Mientras
leo Andalucía (Rd Editores), de W.
Somerset Maugham, pienso en cómo cambian con los años las impresiones del
viajero, en que hay lugares que identificamos con una época concreta de nuestra
vida y a los que tememos volver, por si ya no son como los recordamos. Somerset
Maugham cuenta sus viajes a Sevilla, Jerez, Cádiz, Córdoba, Ronda y Granada
veinticinco años después de realizarlos. En Londres, en un mes de abril,
escribe: “El cielo está plomizo y frío, las casas de enfrente casi espantan con
su gris monotonía, y el agua hace brillar los tejados de pizarra” (…) “Y
entonces pienso en Andalucía. Mi mente se abraza de pronto en su sol, en su
color opulento, luminoso y suave; pienso en las ciudades, en las blancas
ciudades bañadas de luz”.
Pero
probablemente los lugares cambien en nuestro recuerdo tanto como en la
realidad, pues la memoria es una gran fabuladora, que causa efectos tan
fantásticos en el paisaje como el propio paso del tiempo. Maugham nos habla de
la España de 1898, y recuerda con cariño el rasgueo de la guitarra y el repicar
de las castañuelas, el batir de las palmas de las muchachas que bailan, el
entusiasmo de las muchedumbres que van a los toros en los días de fiesta y la
felicidad de los vinos perfumados, el málaga, el jerez, la manzanilla, que
pueden beberse en viejas tabernas, el amor guardado celosamente tras verjas y
celosías. Pero también recuerda ciudades sombrías y la soledad de la campiña,
la melancolía de los campesinos e iglesias oscuras con ricas imágenes
religiosas donde, por la noche, se celebran ceremonias fantasmagóricas.

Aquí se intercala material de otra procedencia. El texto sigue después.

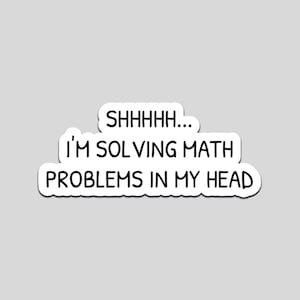 Pode incluir: Um autocolante branco com texto preto que diz "SHHHHH... I'M SOLVING MATH PROBLEMS IN MY HEAD". O autocolante tem uma borda branca e está sobre um fundo cinzento.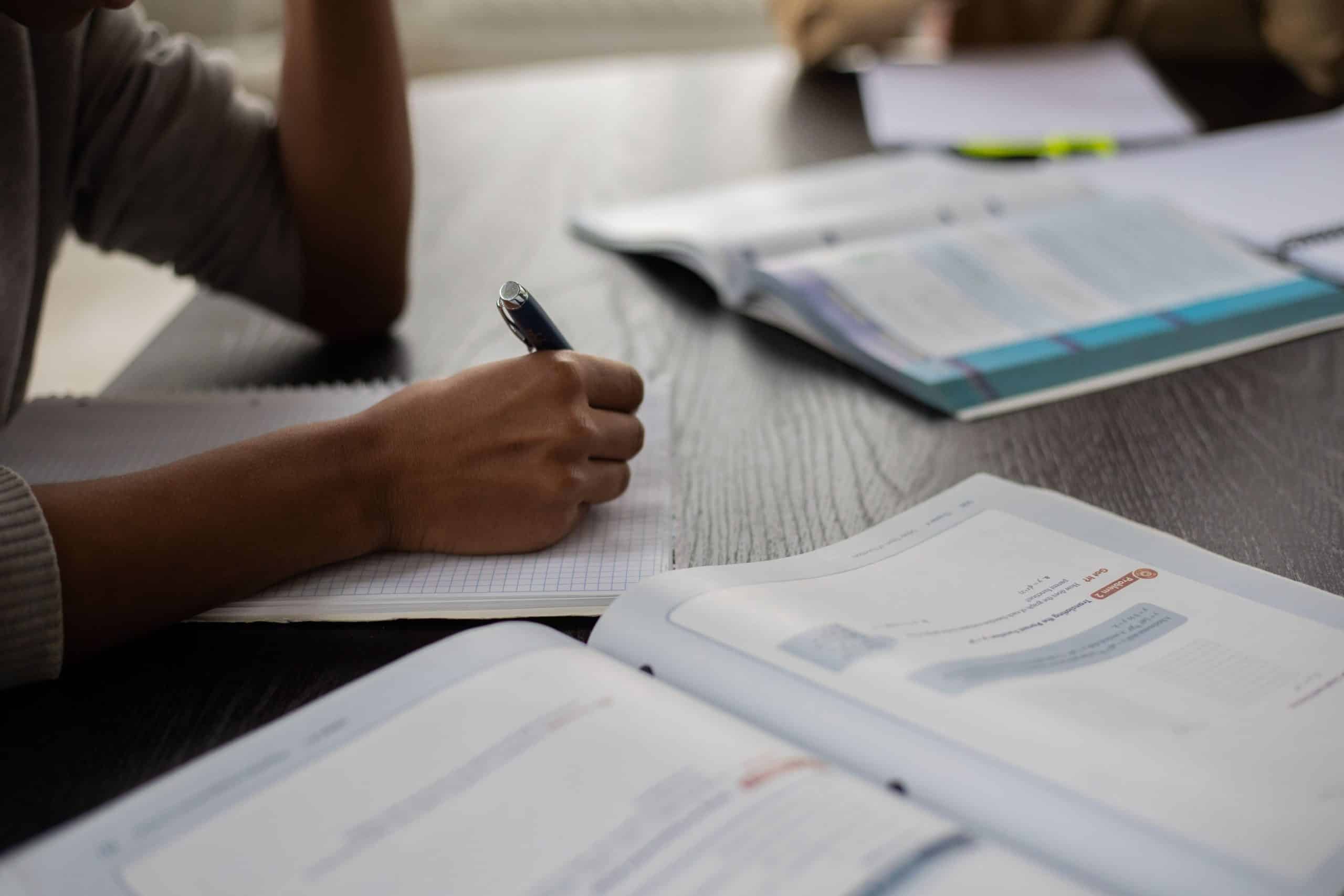 Une main écrit avec un stylo sur un cahier quadrillé, posé sur une table en bois. Des manuels ouverts.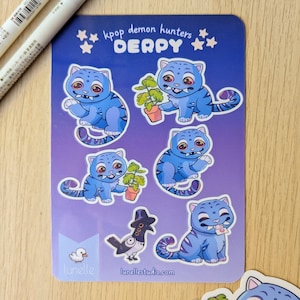 May include: A sheet of stickers featuring blue cartoon cat-like creatures with red eyes and striped tails. Some cats hold plants, a letter, or are near a crow wearing a hat. The text "kpop demon hunters DERPY" is at the top.
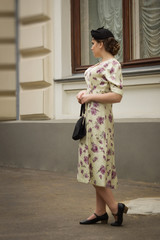 Very beautiful soviet girl in retro style is on the Moscow stree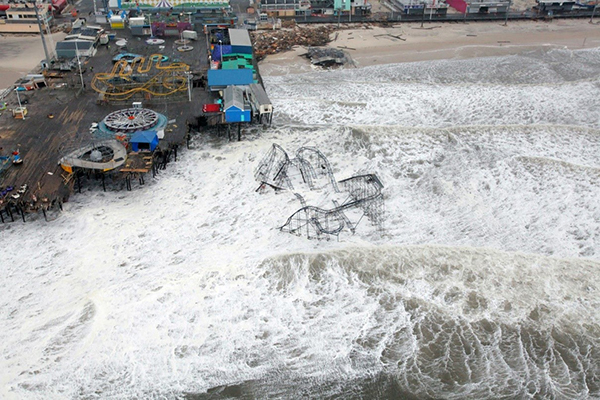 An aerial view of a roller coaster, wrecked, in the ocean.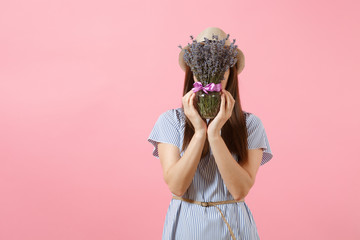 Portrait of a happy young tender woman in blue dress, hat holding bouquet of beautiful purple lavender flowers isolated on bright trending pink background. International Women's Day holiday concept.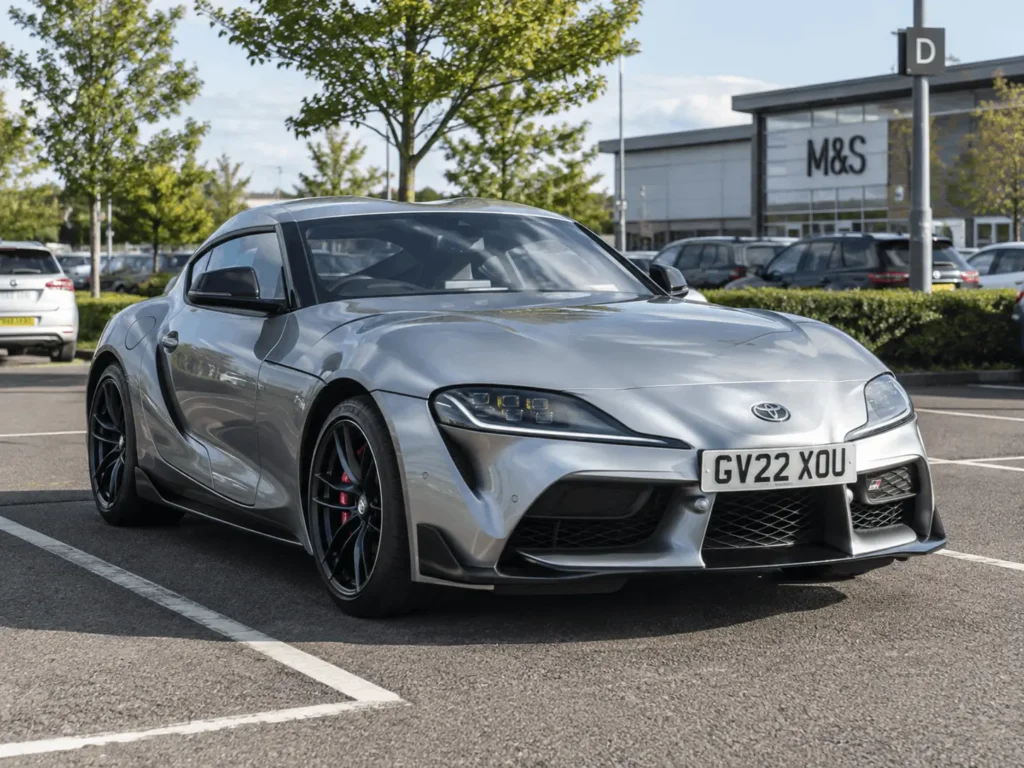 grey toyota parked in shopping car park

El
escritor inglés ve en los andaluces la herencia árabe, y atribuye a la tensión
de largos años de guerra el carácter aguerrido del español, que lo convirtió en
el mejor soldado del mundo.
España
era considerada entonces un país oriental, y esa visión romántica empapa las
escenas descritas, donde los héroes son bandoleros, toreros, gitanos y
bailaoras. Pero ¿cuánto hay del autor en esa visión, cuánto de su propia
cultura? Somerset Maugham encuentra en el paisaje español lo que él mismo le
pide a los libros: el misterio y la belleza, la fantasía y la fascinación por
lo desconocido: “Era algo misterioso y aterrador como aquellas selvas
encantadas de nuestra niñez, en las cuales crecían los árboles en apretados
grupos y donde se ocultaban las tenebrosas cavernas de duendes y gigantes de
los cuentos de hadas, y los monstruos y bestias salvajes se hallaban al acecho
del despavorido viajero que había extraviado del camino”; escribe sobre sus
sensaciones al entrar en la Mezquita de Córdoba, antes de describir sus arcos y
el techo de azulejos coloreados.
Leer
a Maugham es viajar en el tiempo, y sobrecogen las descripciones del Sacromonte,
la Alhambra y del carácter de la propia ciudad de Granada, que podría explicar
lo que es hoy: “Me produjo la impresión de que lo único que deseaba era ser
dejada sola para poder transcurrir en paz los días que le quedaban de vida,
lejos del avance de la civilización y del fogoso apresuramiento del progreso”.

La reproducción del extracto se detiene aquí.